### Task to complete
Every record should be copied exactly, and the images omitted.

### Records to process

○ ○ ○ ○

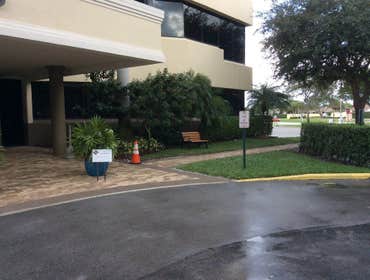Entryway commercial building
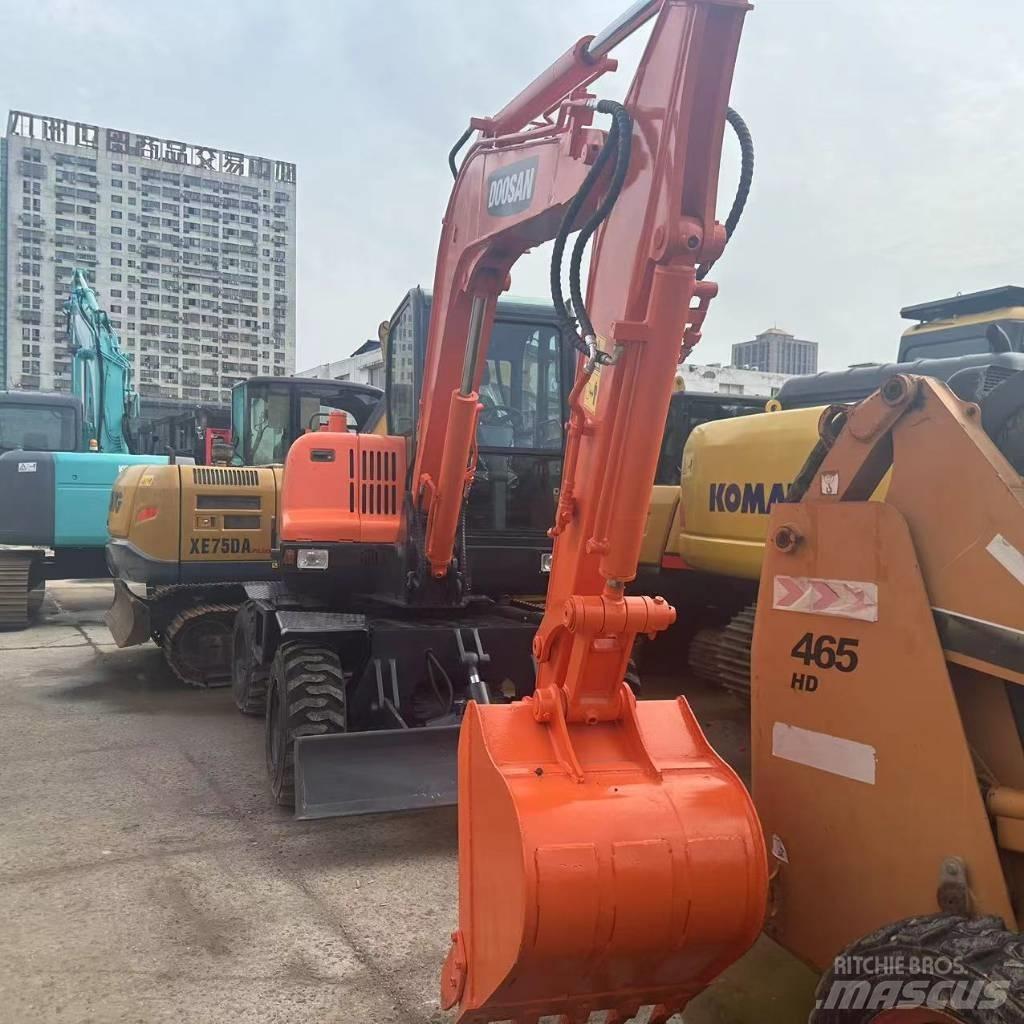 Doosan DX60W Gravemaskiner på hjul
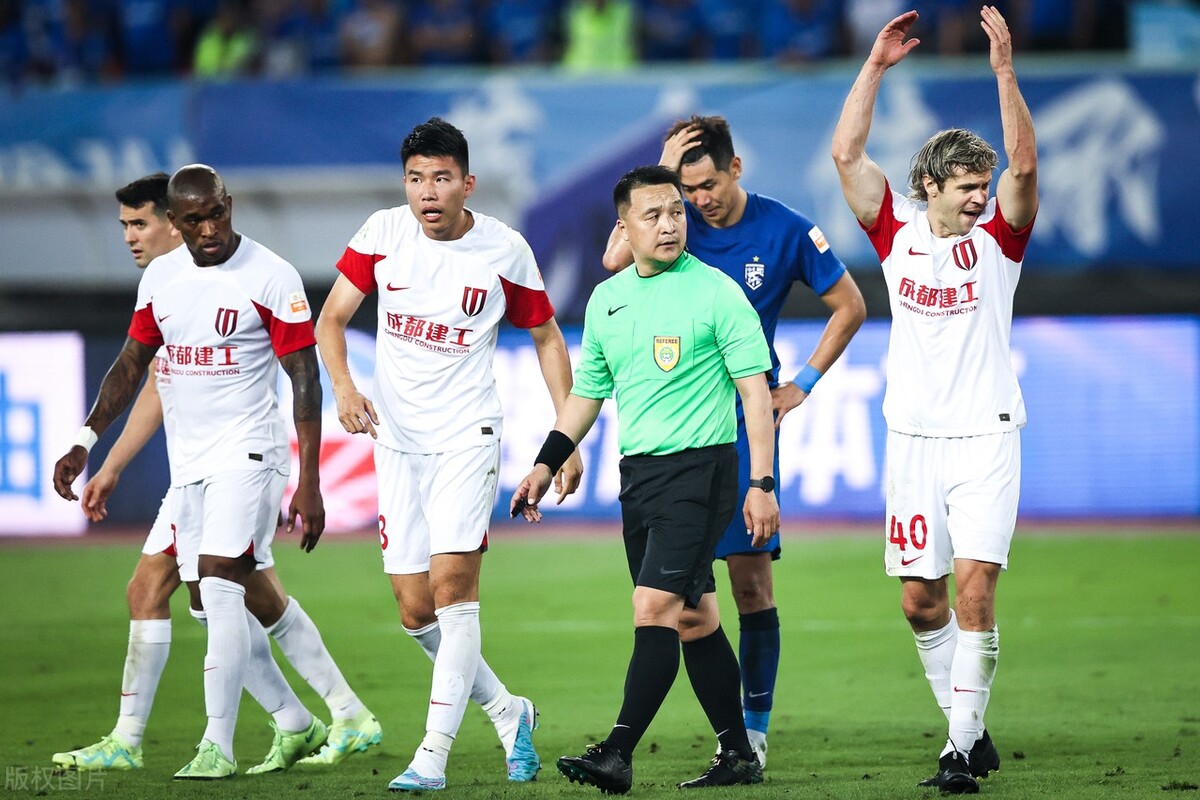 足协对裁判恶意判罚,足协罚单被罚停赛球员怒怼网友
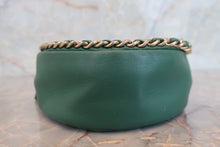 画像をギャラリービューアに読み込む, CHANEL/シャネル ココマークラウンドチェーンショルダーバッグ ラムスキン グリーン/ゴールド金具 ショルダーバッグ 700110042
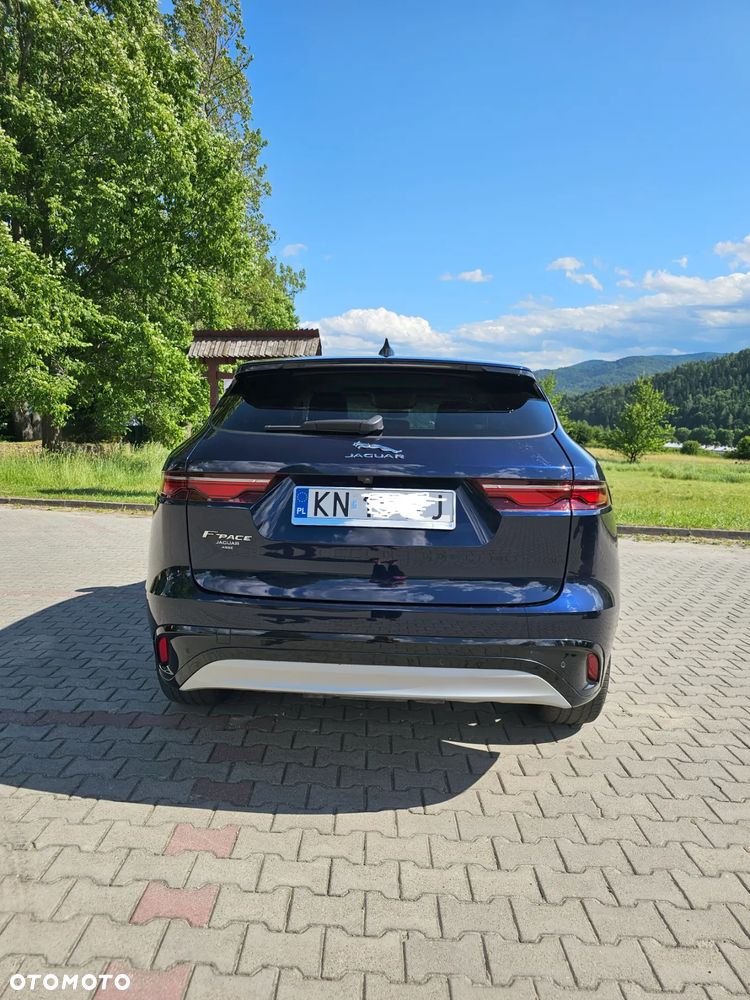 Jaguar F-Pace P250 AWD R-Dynamic HSE - 12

○ ○ ○ ○

### Exercise answer
Entryway commercial building
 Doosan DX60W Gravemaskiner på hjul
 足协对裁判恶意判罚,足协罚单被罚停赛球员怒怼网友
 画像をギャラリービューアに読み込む, CHANEL/シャネル ココマークラウンドチェーンショルダーバッグ ラムスキン グリーン/ゴールド金具 ショルダーバッグ 700110042
 Jaguar F-Pace P250 AWD R-Dynamic HSE - 12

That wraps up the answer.